_Directions_:
Please restate verbatim the lines that open the listing below, ending with the line in which "Abertura do Simpósio" occurs.

* * * * *

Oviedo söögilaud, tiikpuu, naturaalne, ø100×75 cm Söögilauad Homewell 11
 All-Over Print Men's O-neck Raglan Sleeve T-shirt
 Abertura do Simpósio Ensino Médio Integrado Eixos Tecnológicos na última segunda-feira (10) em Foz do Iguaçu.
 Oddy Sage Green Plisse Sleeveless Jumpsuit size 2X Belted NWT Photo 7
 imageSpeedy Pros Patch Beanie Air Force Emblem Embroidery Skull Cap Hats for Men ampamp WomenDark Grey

* * * * *

_Task response_:
Oviedo söögilaud, tiikpuu, naturaalne, ø100×75 cm Söögilauad Homewell 11
 All-Over Print Men's O-neck Raglan Sleeve T-shirt
 Abertura do Simpósio Ensino Médio Integrado Eixos Tecnológicos na última segunda-feira (10) em Foz do Iguaçu.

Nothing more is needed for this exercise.